For n=4 the equation becomes a_1-a_2-a_3-a_4=a_1-(a_2-(a_3-a_4)) a_4 is not in (a_3-a_4) but it is in a_2 since a_4 is a subset of a_2 and thus it is in (a_2-(a_3-a_4) and thus is not in a_1-(a_2-(a_3-a_4)) since a_1 includes every element of a_2.By the same logic you can find that a_(4-1) is in a_1-(a_2-(a_3-a_4)) etc. and so you have (a_1-a_2)u(a_3-a_4)=a_1-a_2-a_3-a_4

Is that a valid approach?

@agile sentinel Has your question been resolved?

I skipped the last problem but i have a question for the next one: i got {0} here instead of {}, did i do something wrong/misunderstood something?

I understood it that the set of wich i have to take the Intersection of is {{0},{0,1},{0,1,2},...} Or did i misunderstand it?

For any set a out of M, 0 has to always be part of a since m greater or equal to 0 is always true for any m out of the natural Numbers. Im supposed to arrive at the empty set though, so what did i miss?

@agile sentinel Has your question been resolved?

@agile sentinel Has your question been resolved?

@agile sentinel Has your question been resolved?

@agile sentinel Has your question been resolved?

@agile sentinel Has your question been resolved?

My question hasn't been resolved btw

is this currently the question you are asking about?

Yeah

And the 2nd one on this screenshot

Do you know why {0} isnt the right solution? I want to understand this

what is (i)

what does it say in English?

The equation is the same in english as in german, it says "the following equation is true:" but i cant really proof why

For even n the equation holds that a_1-...-a_n=(a_1-a_2)u...u(a_(n-1)-a_n) btw instead of - the notation \ is also used

0 is defined as being the empty set

Oh so there is no difference between {0} and {} ?

No, because {0} is {{}} ≠ {} = 0

Then i dont understand what you mean

wait no, both are different?

Oh nvm i get it

0 := {}

{} is a null set

or empty set

whereas {0} is when, the set has 0 as its element

So when i have the intersection of a set i dont have to put the answer as a set, right?

Or atleast if it is only one answer

the intersection of two sets is always a set

No its not of 2 sets but of one set

what is the intersection of one set?

Let me find the name in english im not sure

This thing. Its not the intersection of one set but of one system of sets

But i thought the equation holds for 0 so why do i write the empty set instead of {0}

because {0} is the set containing a single element, 0

i.e. 0 is part of every such set

no

ø is part of every set

Can you explain why not?

give me an example of set which contains natural numbers

the natural number starts with 1,2,3

yeah, consider e.g. {1, 2, 3}. 0 is not in that set

yes

if you intersect {1,2,3} with {5,6,7}
the intersection will be ø

Ø represents nothing

Not with 0?

0 is part of whole numbers

some authors will consider 0 a natural number, but I think most would not

but that's second the thing

I think i get it. What i previously thought it meant was that you take some m out of the natural numbers and then every n less than or equal to m is part of a set, then you take the intersection of every set with m from 0 to infinity

Well my book clearly defined 0 as a natural number "The natural Numbers shall contain the Element 0" ( i dunno if thats the right translation)
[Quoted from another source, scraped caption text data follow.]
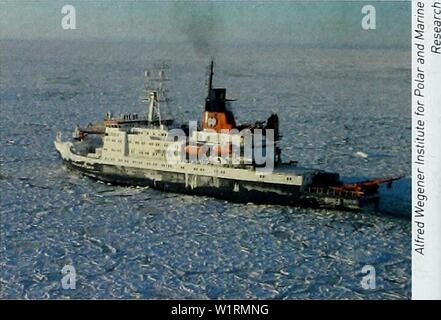 Archiv Bild von Seite 71 der Biodiversität in der Tiefsee und Ökosysteme. Biodiversität in der Tiefsee und Ökosysteme - ein Scoping Bericht über deren sozio-Wirtschaft, Management und Unternehmensführung. UNEP-WCMC Biodiversität Serie 28 deepseabiodivers 07 Vund Jahr: 2007 Der menschliche Einfluss in der Tiefsee: plastikmüll am unteren Rand des Var Canyon, Westliches Mittelmeer, 2 200 m Wassertiefe. Institutionen und-Tools, einschließlich der institutionellen Kapazität mit hoher Unsicherheit zu reagieren, hohe und langfristige Anfälligkeit, Irreversibilität und hohe Preise der globalen Umweltveränderungen; • Möglichkeiten der Umsetzung der precaut Stockfoto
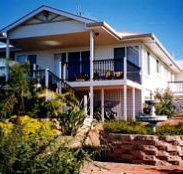 Lovering's Beach Houses - The Whitehouse Emu Bay - Tourism Cairns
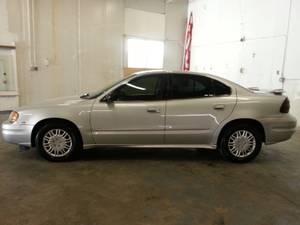 2005 Pontiac Grand Am Sport -5 Speed-stick-4x4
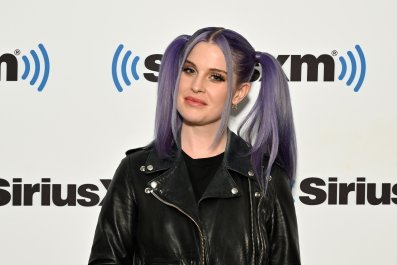 Kelly Osbourne To Quit U.S. Over School Shootings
are you referring to a specific problem?

cool

uh

Yes this one the blue thing

that's fine, I've seen another book that includes 0 as a natural number. but it is irrelevant to your confusion about the empty set

K

in exams, just go with your book (incase asked in exams regarding natural numbers or whole number)

I see. the blue one can be tricky. but it looks like it is taking the intersection over all n

This is the problem in question

I dont understand how {1,2,3} is in that set that you take the intersection of

it was just an example

to make you understand that 0 is an element and can/cannot be in every sets

so it's taking the intersection of {0, 1, 2, ...} with {1, 2, 3, ...} with {2, 3, 4, ...} and so on. do you see how the intersection over all sets constructed in that way will be empty?

I see. I thought this notation meant the sets {0}, {0,1}, {0,1,2} etc.

no, it would be the set of all natural numbers greater than/equal to "n", for a given "n". I assume that it is "iterating" over all "n", even though it isn't clear to me in the notation

Oh okay, i thought it was the other way around. Thanks for clarifying.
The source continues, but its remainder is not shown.